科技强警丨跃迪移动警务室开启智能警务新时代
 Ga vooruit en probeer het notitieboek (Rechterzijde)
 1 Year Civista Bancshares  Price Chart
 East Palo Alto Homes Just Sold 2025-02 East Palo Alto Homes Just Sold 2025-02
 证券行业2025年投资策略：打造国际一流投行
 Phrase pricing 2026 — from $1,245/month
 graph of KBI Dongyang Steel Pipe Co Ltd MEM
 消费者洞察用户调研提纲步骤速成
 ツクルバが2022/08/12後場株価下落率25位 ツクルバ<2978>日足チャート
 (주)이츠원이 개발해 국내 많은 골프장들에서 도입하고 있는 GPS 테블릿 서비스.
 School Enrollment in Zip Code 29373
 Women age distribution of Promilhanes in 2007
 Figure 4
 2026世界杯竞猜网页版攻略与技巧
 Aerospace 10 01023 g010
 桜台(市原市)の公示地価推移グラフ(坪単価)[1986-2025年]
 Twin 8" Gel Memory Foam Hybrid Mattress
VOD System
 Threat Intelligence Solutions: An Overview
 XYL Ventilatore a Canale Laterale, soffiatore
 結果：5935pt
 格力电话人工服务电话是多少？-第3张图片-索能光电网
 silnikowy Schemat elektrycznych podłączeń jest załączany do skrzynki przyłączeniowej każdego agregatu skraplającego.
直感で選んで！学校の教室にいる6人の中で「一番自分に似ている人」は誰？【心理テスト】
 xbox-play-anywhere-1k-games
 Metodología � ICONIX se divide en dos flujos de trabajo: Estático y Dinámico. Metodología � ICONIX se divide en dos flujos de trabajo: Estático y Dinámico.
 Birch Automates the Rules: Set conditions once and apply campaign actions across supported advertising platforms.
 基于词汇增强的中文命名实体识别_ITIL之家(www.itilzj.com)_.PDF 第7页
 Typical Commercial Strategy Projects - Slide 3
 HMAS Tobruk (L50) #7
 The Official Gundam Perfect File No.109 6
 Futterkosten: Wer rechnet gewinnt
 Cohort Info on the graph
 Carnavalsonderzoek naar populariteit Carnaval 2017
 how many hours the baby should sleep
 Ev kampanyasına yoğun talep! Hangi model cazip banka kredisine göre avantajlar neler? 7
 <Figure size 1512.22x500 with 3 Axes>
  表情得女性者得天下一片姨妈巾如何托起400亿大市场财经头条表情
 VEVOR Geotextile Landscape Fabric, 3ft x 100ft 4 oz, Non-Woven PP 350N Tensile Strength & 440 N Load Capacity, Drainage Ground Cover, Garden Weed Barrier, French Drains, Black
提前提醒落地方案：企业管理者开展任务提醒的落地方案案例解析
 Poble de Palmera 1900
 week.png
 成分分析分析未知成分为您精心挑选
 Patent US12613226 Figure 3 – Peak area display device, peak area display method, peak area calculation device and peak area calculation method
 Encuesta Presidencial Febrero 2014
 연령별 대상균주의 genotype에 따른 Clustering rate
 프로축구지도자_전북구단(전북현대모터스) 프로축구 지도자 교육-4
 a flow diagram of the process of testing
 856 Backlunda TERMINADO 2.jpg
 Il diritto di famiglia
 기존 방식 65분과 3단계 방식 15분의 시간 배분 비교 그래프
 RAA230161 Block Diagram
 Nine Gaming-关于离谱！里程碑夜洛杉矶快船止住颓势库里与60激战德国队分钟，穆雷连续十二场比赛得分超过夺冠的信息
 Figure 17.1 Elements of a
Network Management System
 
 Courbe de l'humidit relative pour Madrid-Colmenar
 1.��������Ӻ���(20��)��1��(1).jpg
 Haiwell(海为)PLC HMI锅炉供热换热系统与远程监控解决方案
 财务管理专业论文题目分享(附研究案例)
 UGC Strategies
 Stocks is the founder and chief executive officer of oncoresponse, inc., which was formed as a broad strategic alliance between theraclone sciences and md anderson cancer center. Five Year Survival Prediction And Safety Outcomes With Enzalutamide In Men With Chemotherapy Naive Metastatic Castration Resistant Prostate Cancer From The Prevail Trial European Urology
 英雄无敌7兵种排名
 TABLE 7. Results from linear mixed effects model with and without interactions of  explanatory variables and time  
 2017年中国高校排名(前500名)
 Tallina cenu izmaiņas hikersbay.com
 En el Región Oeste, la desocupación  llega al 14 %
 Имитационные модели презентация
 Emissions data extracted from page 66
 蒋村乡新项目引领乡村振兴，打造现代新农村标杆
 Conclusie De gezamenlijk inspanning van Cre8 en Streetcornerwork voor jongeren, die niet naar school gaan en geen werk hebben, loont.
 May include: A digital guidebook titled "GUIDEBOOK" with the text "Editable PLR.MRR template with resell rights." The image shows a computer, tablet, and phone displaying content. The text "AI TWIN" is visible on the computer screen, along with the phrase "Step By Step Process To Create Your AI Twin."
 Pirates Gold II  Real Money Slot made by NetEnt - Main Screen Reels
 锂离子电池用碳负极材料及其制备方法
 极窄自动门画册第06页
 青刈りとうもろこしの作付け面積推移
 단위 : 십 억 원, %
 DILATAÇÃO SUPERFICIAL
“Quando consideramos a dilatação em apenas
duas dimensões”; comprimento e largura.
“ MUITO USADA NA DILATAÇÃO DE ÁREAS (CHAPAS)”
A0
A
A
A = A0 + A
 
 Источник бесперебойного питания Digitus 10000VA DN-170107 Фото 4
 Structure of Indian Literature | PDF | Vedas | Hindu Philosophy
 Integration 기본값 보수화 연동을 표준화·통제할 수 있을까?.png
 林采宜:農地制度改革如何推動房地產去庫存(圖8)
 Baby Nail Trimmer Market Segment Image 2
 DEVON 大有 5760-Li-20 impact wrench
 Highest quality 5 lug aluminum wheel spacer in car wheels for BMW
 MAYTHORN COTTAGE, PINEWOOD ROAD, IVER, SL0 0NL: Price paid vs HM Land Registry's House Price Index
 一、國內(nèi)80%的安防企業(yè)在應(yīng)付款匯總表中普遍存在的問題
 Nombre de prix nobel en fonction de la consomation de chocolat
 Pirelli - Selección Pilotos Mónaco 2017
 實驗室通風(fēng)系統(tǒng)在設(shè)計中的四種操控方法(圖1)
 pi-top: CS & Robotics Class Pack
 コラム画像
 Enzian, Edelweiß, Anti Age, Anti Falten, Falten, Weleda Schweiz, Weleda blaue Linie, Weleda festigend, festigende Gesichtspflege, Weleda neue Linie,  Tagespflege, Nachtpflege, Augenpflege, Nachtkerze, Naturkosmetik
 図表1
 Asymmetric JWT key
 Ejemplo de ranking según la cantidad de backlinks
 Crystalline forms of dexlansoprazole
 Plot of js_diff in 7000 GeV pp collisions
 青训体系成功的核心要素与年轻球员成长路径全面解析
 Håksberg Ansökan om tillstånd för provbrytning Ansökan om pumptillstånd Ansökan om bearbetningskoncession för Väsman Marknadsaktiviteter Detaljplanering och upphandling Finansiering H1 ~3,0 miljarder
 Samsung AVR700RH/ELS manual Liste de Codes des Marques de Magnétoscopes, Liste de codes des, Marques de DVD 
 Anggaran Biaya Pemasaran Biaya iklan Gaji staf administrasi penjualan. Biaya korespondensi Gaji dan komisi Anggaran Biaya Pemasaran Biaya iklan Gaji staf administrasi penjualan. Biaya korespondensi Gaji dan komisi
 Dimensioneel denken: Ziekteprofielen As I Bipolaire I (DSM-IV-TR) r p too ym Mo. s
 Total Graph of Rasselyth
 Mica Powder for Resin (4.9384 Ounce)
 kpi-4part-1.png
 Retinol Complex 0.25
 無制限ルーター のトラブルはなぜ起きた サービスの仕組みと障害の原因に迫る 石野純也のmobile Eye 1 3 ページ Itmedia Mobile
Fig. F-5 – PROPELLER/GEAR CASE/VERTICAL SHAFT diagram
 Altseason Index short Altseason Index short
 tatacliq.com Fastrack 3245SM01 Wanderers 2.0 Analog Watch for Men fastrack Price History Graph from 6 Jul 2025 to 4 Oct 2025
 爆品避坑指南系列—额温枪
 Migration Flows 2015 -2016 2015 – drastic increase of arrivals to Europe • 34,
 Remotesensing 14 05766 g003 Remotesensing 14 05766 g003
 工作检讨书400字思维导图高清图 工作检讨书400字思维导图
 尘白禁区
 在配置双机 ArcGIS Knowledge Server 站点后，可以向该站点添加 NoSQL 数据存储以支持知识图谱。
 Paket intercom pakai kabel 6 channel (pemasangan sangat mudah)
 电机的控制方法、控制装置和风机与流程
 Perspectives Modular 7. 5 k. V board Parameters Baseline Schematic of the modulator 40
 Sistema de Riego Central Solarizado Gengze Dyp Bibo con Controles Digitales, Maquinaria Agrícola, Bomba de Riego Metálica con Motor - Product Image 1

=== To do ===
Copy each line of the listing that carries the string "model".

=== Problem solution ===
 Ev kampanyasına yoğun talep! Hangi model cazip banka kredisine göre avantajlar neler? 7
 TABLE 7. Results from linear mixed effects model with and without interactions of  explanatory variables and time  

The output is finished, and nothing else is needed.